I am aware of samtools "sort" functionality, unfortunately the SAM files being produced are not canonical SAM files (i.e., they have no headers), thus samtools fails to recognize them. They are also (in my case) enormous (~45G each).


Here are the 'heads' of the input fastq files:

@SRR2029844.1 WIGTC-HISEQ2:1:1212:2446:2225 length=100
ATATCTTATCTGACTAAGAAATCCCGCTTCCAACGAAGGCCTCNNNNAAGTCTGAATATCCACTTGCAGACTTTACAAACAGAGTGTTTCCCAACTGCTC
+SRR2029844.1 WIGTC-HISEQ2:1:1212:2446:2225 length=100
B3A0@E>DGGFGGGG1EBFE11EFFGGGBG1>11=:CFGGGEG####=0==C1EF1CG1@GCG>FGGGGG1FC@CG1CFGG:E:E>BFGG0:0:B::FCF
@SRR2029844.2 WIGTC-HISEQ2:1:1212:1722:2225 length=100
ACACCACCCTCTAGGTAAATCTGGTTCAAGCAGGTGAGGGTGGCNNNAGGTGAGCACACACCCCACACGGCTAGGATGCCAGTGAGTGGGAAGCAGATAG
+SRR2029844.2 WIGTC-HISEQ2:1:1212:1722:2225 length=100
CCCCCGGGGGGGGGG1CGCCCDGGG1FFCF1E10CFGGGF=9<:###::=ECGFGGGGGGGGGGGGBGDAGGGBE>BFEGDGEFFE0>FGG0FEGF8FGG
@SRR2029844.3 WIGTC-HISEQ2:1:1212:2069:2226 length=100
AGTTAGTCAGATAAGATATCGCGTATTTTTTATGGCTGCATAGTNNNCCATGGTGTATATGTGCCACATTTAATTAATCCAGTCTATCATTCTTGGACAT

@SRR2029844.1 WIGTC-HISEQ2:1:1212:2446:2225 length=100
GGTGAACGATCCTTTACACAGAGCAGACTTGAAACACTCNTTTTGTGGAATTTGCAAGTGGAGATTTCAGCCGCTTTGAGTTCANNNNNNNNNNNNNNNN
+SRR2029844.1 WIGTC-HISEQ2:1:1212:2446:2225 length=100
A3:<A110EFGGGEGGF111@C:F11F11>::=F1C01>#0=<:C1>/1?F@1EFGDGGGG@dc1:FCFGGG/<F101E1?################
@SRR2029844.2 WIGTC-HISEQ2:1:1212:1722:2225 length=100
CTCCTGACCTCAAGTGATCCAAGTCAGATAAGATATCGCNGGAGATGTTAGTGGGCAGTTAACTTTTTATACATGTAAATAGAANNNNNNNNNNNNNNNN
+SRR2029844.2 WIGTC-HISEQ2:1:1212:1722:2225 length=100
3A3<A@=@BF1EGGGGGG>@=CFFBGGB1FB:1F1FF>D#=000EFFD:@ce=FDGBGGGCFGGGFGB11?FGGE1F1FC##################
@SRR2029844.3 WIGTC-HISEQ2:1:1212:2069:2226 length=100
ACAAAGATTTGGAACCAACCCAAATGTCCAAGAATGATANACTGGATTAATTAAATGTGGCACATATACACCATGGAATACTATNNNNNNNNNNNNNNNN


Hmmm.

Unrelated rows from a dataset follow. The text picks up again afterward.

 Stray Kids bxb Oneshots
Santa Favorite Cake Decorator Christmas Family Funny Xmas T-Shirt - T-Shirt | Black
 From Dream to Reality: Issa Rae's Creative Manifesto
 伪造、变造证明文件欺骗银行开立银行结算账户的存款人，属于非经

The sam files should still be in the same order as the fastq files. And yes, they are deliberately output without @ lines so that the lines match up perfectly. I have not seen this behavior before.

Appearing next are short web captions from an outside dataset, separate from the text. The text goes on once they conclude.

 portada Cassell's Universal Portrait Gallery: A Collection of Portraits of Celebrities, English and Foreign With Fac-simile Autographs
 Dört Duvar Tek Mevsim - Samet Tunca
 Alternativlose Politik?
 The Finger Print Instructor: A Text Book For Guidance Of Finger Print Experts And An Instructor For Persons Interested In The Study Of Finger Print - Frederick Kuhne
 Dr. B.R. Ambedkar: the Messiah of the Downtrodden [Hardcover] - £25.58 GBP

Can you post the 'heads' of your 'same.fastq' and '.sam' files as well?

Hi mchimenti,

I also got this error initially. I have downloaded the raw data using the SRAtoolkit from NCBI. However, I noticed later that the fastq files generated from the "fastq-dump" command have issues with mango.

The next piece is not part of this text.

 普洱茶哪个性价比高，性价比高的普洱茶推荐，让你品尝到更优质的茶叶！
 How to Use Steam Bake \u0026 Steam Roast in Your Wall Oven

Later, I tried downloading the raw data from the European Nucleotide Archive (ENA) and then analyzing it using mango. It worked perfectly fine and that stage completed successfully.

I don't know if this can be of some help to you.

Best Regards,

Hello:
I tried downloading the same dataset from the ENA and the pipeline did work without issue. That was a very helpful suggestion!!